Kultura na weekend
Same kontrowersje: spektakl o gejach w faszystowskich Niemczech, film o kilku pokoleniach Dulskich i książka o islamie. Wydarzenia kulturalne poleca Marta Szarejko.
Pierwsza wersja tej książki powstała pod wpływem pytań, które autorowi zadawała dziesięcioletnia córka. Później pisarz dodał teksty o islamie, które publikował w zachodniej prasie. Teraz ta książka jest szczególnie ważna - biorąc udział w dyskusji na temat uchodźców, albo chociażby przysłuchując się jej, warto wiedzieć, czym się różni sunnizm od szyizmu, nie mylić talibów afgańskich z egipskimi Braćmi Muzułmanami. Nie wspominając o uporządkowaniu podstawowych pojęć (wojna opiumowa, noszenie burki, mowa fanatyków, zasłanianie twarzy, terroryzm). Tahar Ben Jelloun w przystępny sposób przybliża islam, podaje podstawowe informacje i dorzuca komentarz ostatnich wydarzeń związanych z narastającym fundamentalizmem religijnym (zamach na "Charlie Hebdo").
Co to jest islam? Książka dla dzieci i dorosłych, Tahar Ben Jelloun, wyd. Karakter.
W Teatrze Dramatycznym w Warszawie premiera sztuki "Bent", w reżyserii Natalie Ringler (reżyserowała w Szwecji m.in. sztuki Doroty Masłowskiej i Tadeusza Słobodzianka). Reżyserka mówi: "Odkąd przeczytałam tę sztukę, miałam poczucie, że jest niezwykle ważna. To historia prześladowania homoseksualistów w faszystowskich Niemczech, czyli temat wciąż niedopowiedziany, przysłonięty innymi historiami. Temat tabu. Zdecydowałam się wyreżyserować "Benta", ponieważ pociągają mnie sztuki o ludziach wcześniej niesłuchanych, outsiderach. Poza tym sztuka brzmi bardzo współcześnie. W Niemczech, zanim Hitler doszedł do władzy sytuacja homoseksualistów nie była najgorsza. Trwała walka o równouprawnienie, powstawały kluby gejowskie. Brzmi znajomo, prawda? Dziś też czuć zimny powiew, który idzie przez Europę, żyjemy w czasach recesji".
BENT, reż. Natalie Ringler, Teatr Dramatyczny w Warszawie, Scena Przodownik. Premiera: 2 października.

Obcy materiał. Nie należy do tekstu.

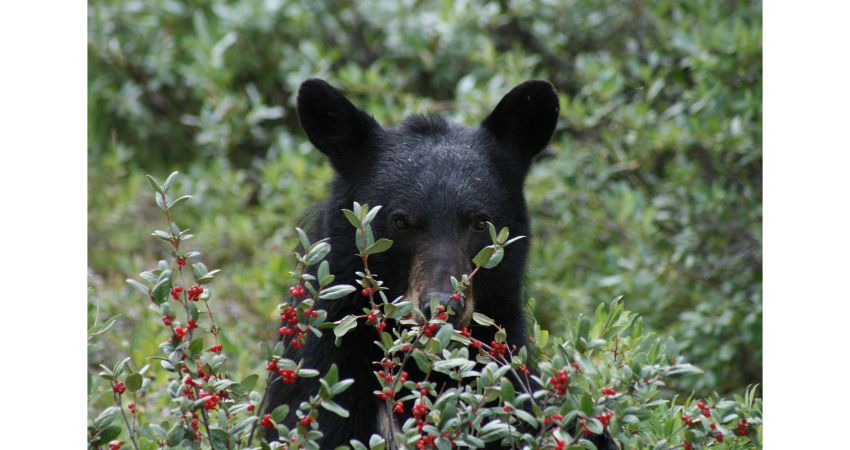 Jasper – Wildlife Discovery Tour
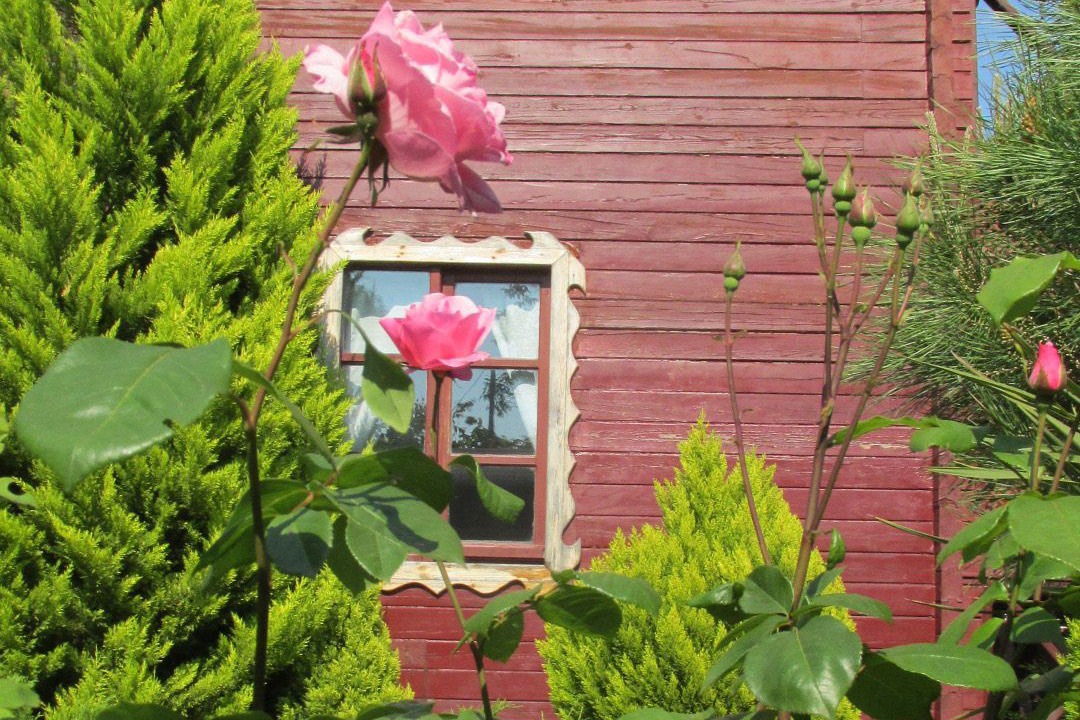Photo of Outdoor in Agva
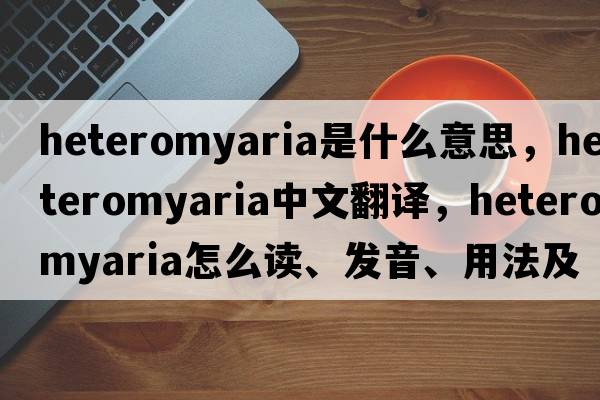 heteromyaria是什么意思，heteromyaria中文翻譯，heteromyaria怎么讀、發(fā)音、用法及例句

W Teatrze tabu, w kinie lektura. Ale potraktowana frywolnie ( na szczęście!). "Panie Dulskie" to ironiczna opowieść o strasznej rodzinie, przeniesiona do współczesności. Nakręcona z czułością i sentymentem, miejscami bardzo zabawna (zasługa Krystyny Jandy - najśmiejszniejszej Dulskiej świata, ale też Katarzyny Figury i Katarzyny Herman). Wnuczkę Anieli Dulskiej gra Maja Ostaszewska. To współczesna reżyserka, która zgodnie z najnowszymi trendami zamierza nakręcić film o intymnych, rodzinnych sprawach, czyli jakby powiedziała pani Dulska: prać publicznie domowe brudy.
Filip Bajon zgromadził na planie doborową obsadę i rozbudował szkolną lekturę o liczne wątki (romans syna Dulskiej ze służącą). Ale najzabawniejsze pozostają staroświeckie dialogi i monologi Dulskiej.
Panie Dulskie, reż. Filip Bajon, prod. Polska, 91 minut.
Charyzmatyczna i wrażliwa, czy nudna i beznamiętna? Ta piosenkarka budzi skrajne emocje, albo sie ją kocha, albo nie. Nowy album Katarzyny Groniec "ZOO" to zbiór piosenek Agnieszki Osieckiej w nowych, elektronicznych aranżacjach. Agata Passent powiedziała o niej tak: "Zdarza się, że covery przyćmiewają wykonania oryginalne... Czy to dobrze, czy źle? Groniec śpiewa awangardowo, czasem wywraca piosenki do góry nogami zachowując ich sens". Energia, czy nuda? Oceńcie sami.
ZOO, Katarzyna Groniec, CD oraz DVD (koncertowa wersja materiału), Warner Music Poland i michał Prawosudowicz.